───── Record set ─────

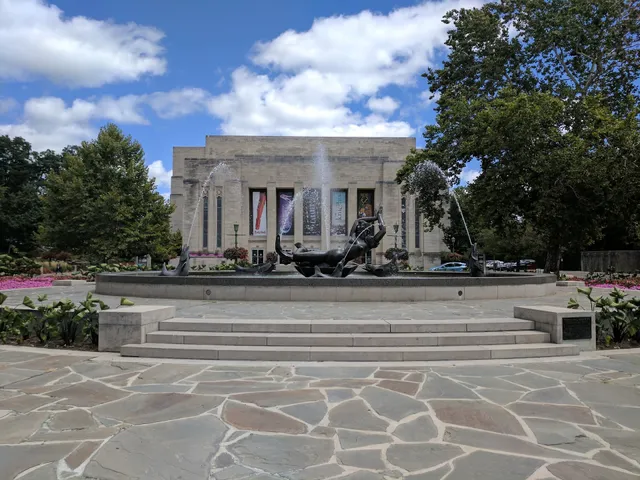 Showalter Arts Plaza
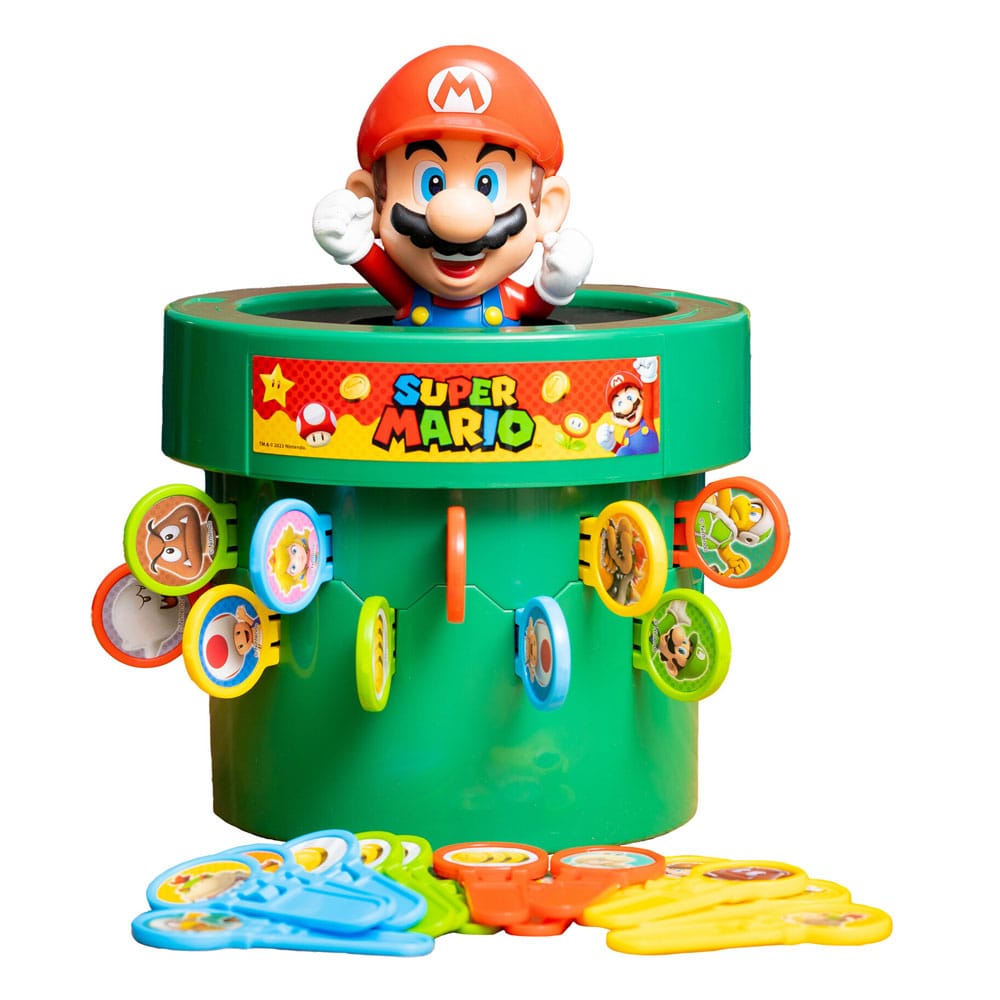 Super Mario Pop Up Spiel Mario 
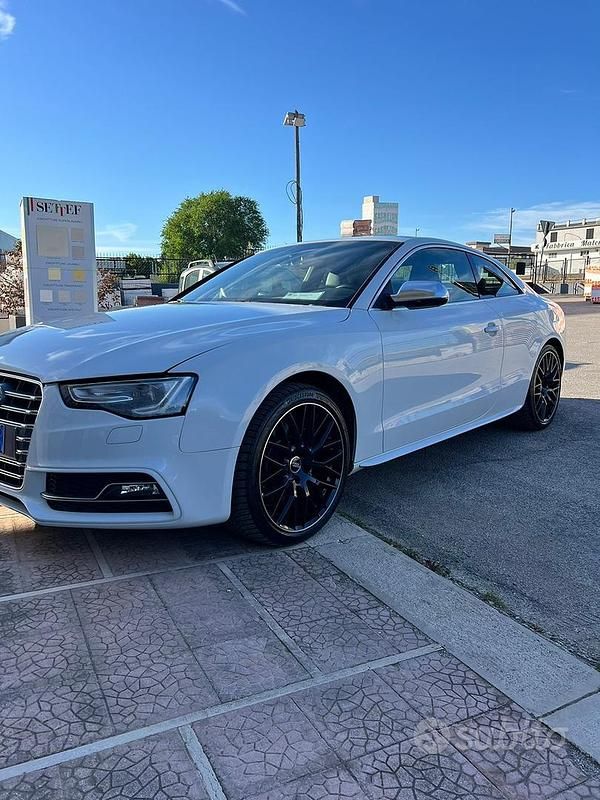 Bianco Usata 2014 Audi S5 Comfort Coupé | 17.000 € - Immagine 1/4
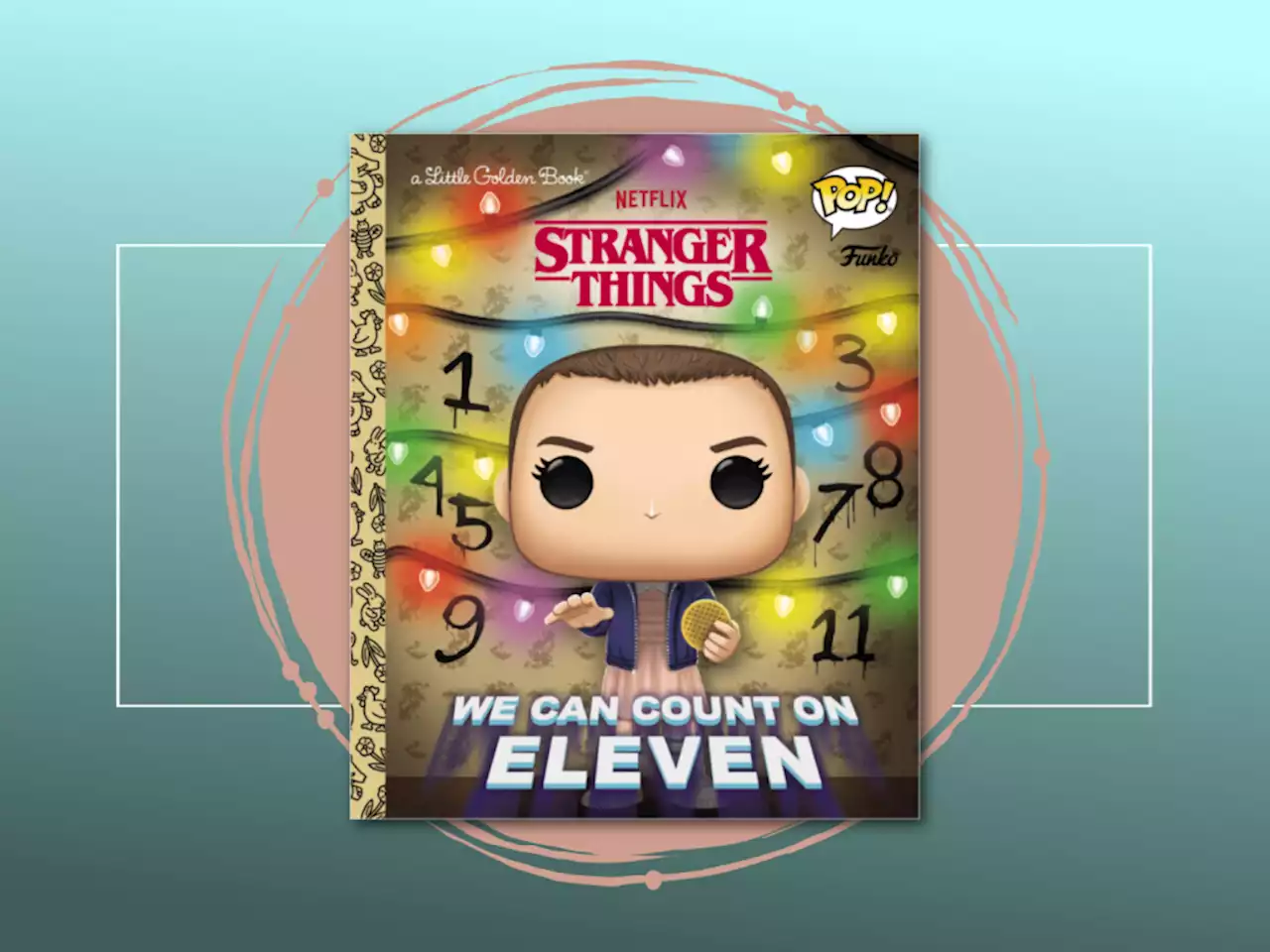 Friends Don't Lie — There's a Brand New 'Stranger Things' & Funko Pop! Kids' Book Out Today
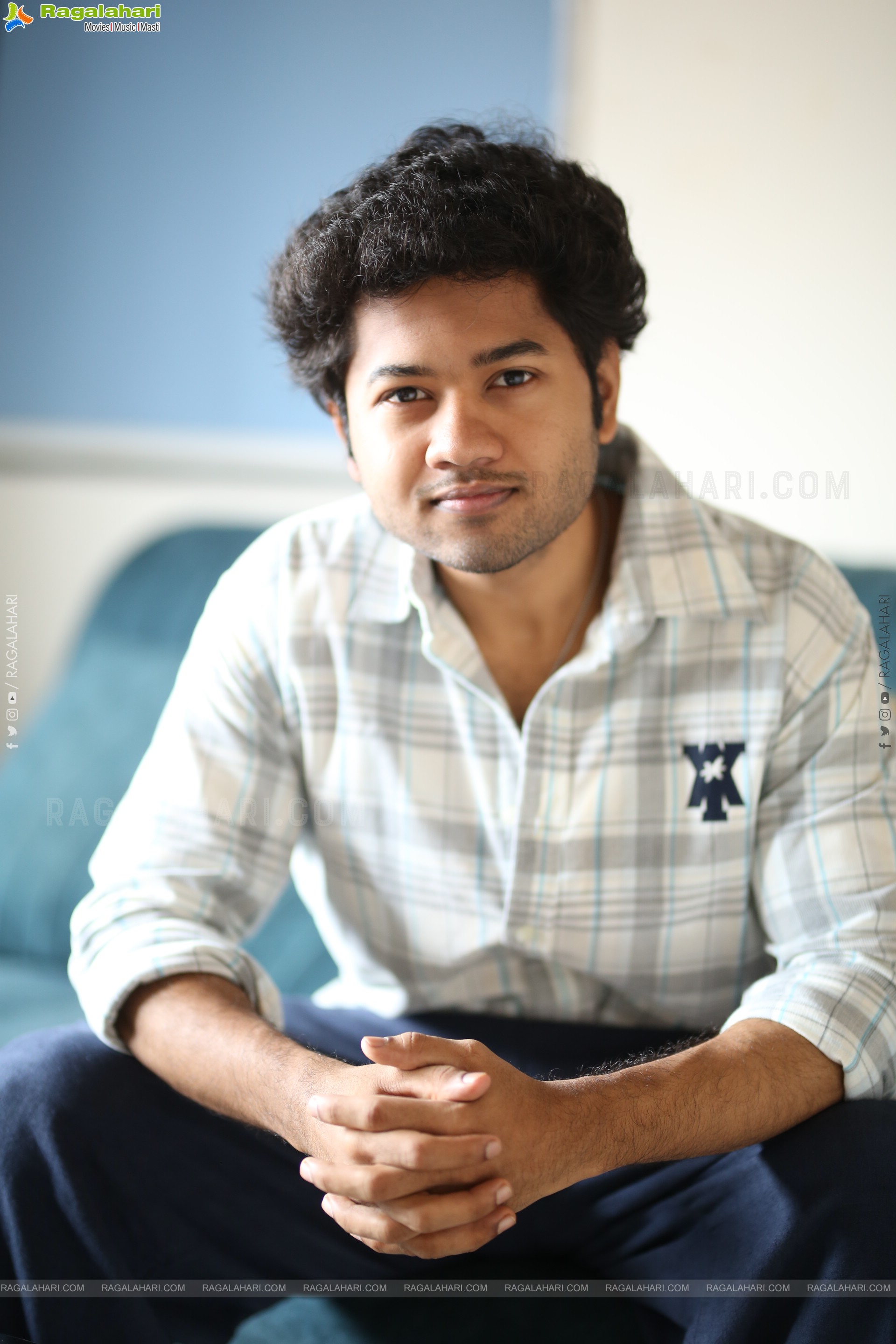 Mouli Tanuj at Little Hearts Interview, HD Gallery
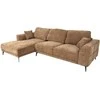 Home4you Kampinė sofa OLIVIA KK, smėlio
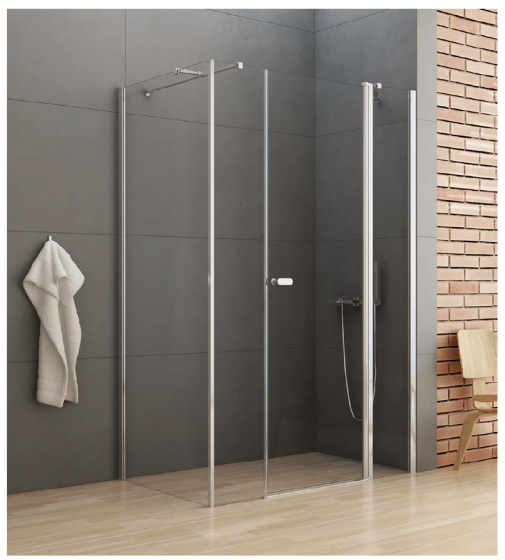 New Trendy New Soleo Kabina prysznicowa 120x80 cm  K-0373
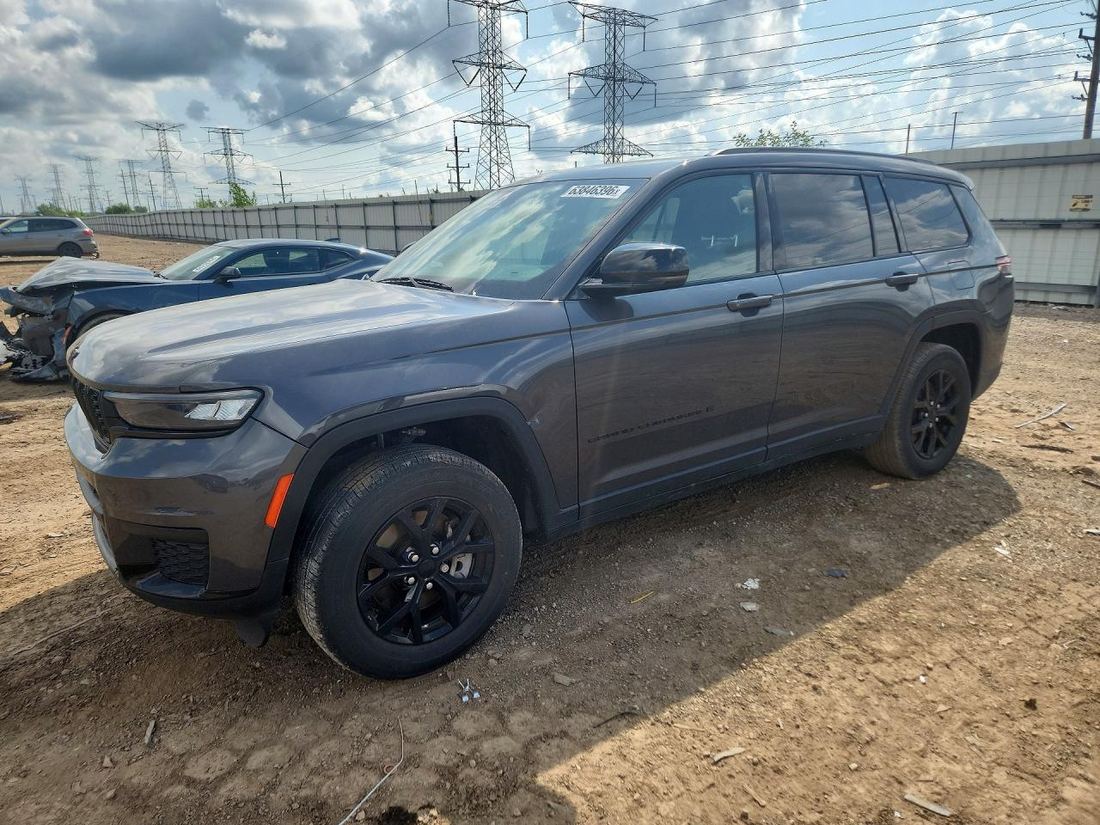 2024 JEEP GRAND CHEROKEE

─────

Activity: Repeat each of the records exactly as written, except for the pictures, which are to be left out.

Worked solution:
 Showalter Arts Plaza
 Super Mario Pop Up Spiel Mario 
 Bianco Usata 2014 Audi S5 Comfort Coupé | 17.000 € - Immagine 1/4
 Friends Don't Lie — There's a Brand New 'Stranger Things' & Funko Pop! Kids' Book Out Today
 Mouli Tanuj at Little Hearts Interview, HD Gallery
 Home4you Kampinė sofa OLIVIA KK, smėlio
 New Trendy New Soleo Kabina prysznicowa 120x80 cm  K-0373
 2024 JEEP GRAND CHEROKEE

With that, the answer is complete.